Proceed on foot up Bridge Gap Road for 1.8 miles to Bridge Gap (7,311 ft), an elevation gain of some eight hundred feet. Bridge Gap is a saddle with Richman Mountain immediately to the left (north) as you approach it from below. A four wheel drive vehicle could make it here were the road to be open to traffic. Bridge Gap is located at the cursor on this map at UTM (580285 E, 3390120 N).

From Bridge Gap you may either continue on Mount Livermore Road for 1.3 miles to the summit area, or, instead (and recommended) take the Limpia Chute Trail 0.7 mile until it intersects the Mount Livermore Road halfway up to the summit area.

The Limpia Chute Trail is the left of two forks as seen from Bridge Gap, the right fork being Mount Livermore Road.

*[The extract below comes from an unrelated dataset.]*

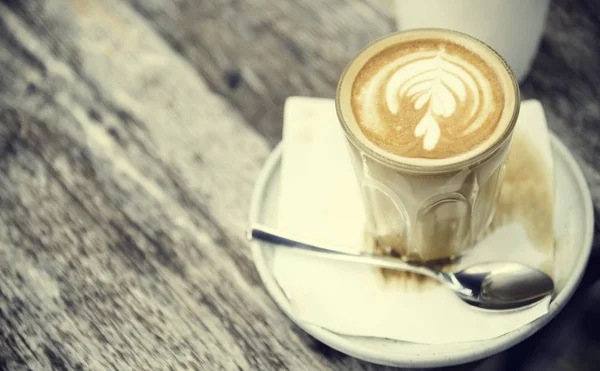 Latte kávé-kupa a táblázat — Stock Fotó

The trail drops perhaps one hundred feet before making a set of switchbacks up east-facing slopes to a junction with Mount Livermore Road located at the cursor on this map at UTM (580045 E, 3389493 N). The trail is largely shaded and more enjoyable than a road walk. Take it until said junction.

Baldy Point witness marker
witness marker

summit ladybugs
summit ladybugs

From the junction walk uphill along Mount Livermore Road as it winds around the upper slopes. After some 400 or 450 feet of elevation gain encounter the summit rock massif - granite with cliffs on all sides. There is a route up the north side of the west end, class 3 for 10+ feet and a scramble for much of the rest. To get there proceed counterclockwise up a use trail, contouring along the base of the rock massif, initially on the right (north or east) side thereof. After nearly circumnavigating the base you arrive at a cairn signaling an obvious break in the cliff face (always on your left). Proceed up this short, class 3 section and then scramble for the remaining few dozen vertical feet to the summit.

The summit, Baldy Peak, is located at the cursor on this map at UTM (579229 E, 3389311 N).

On the summit Richard placed his signature, double red metal can register - complete with new notebook, writing implements, and, of course, our own messages. Every summit rock hid hundreds, if not thousands of ladybugs. It was impossible to eat lunch without some of them getting in the strangest and most annoying of places. Views were good, as were the temperatures for late May.

The net elevation gain was 2,000 feet while the total gain was a bit more owing to the downhill section along the Limpia Chute Trail.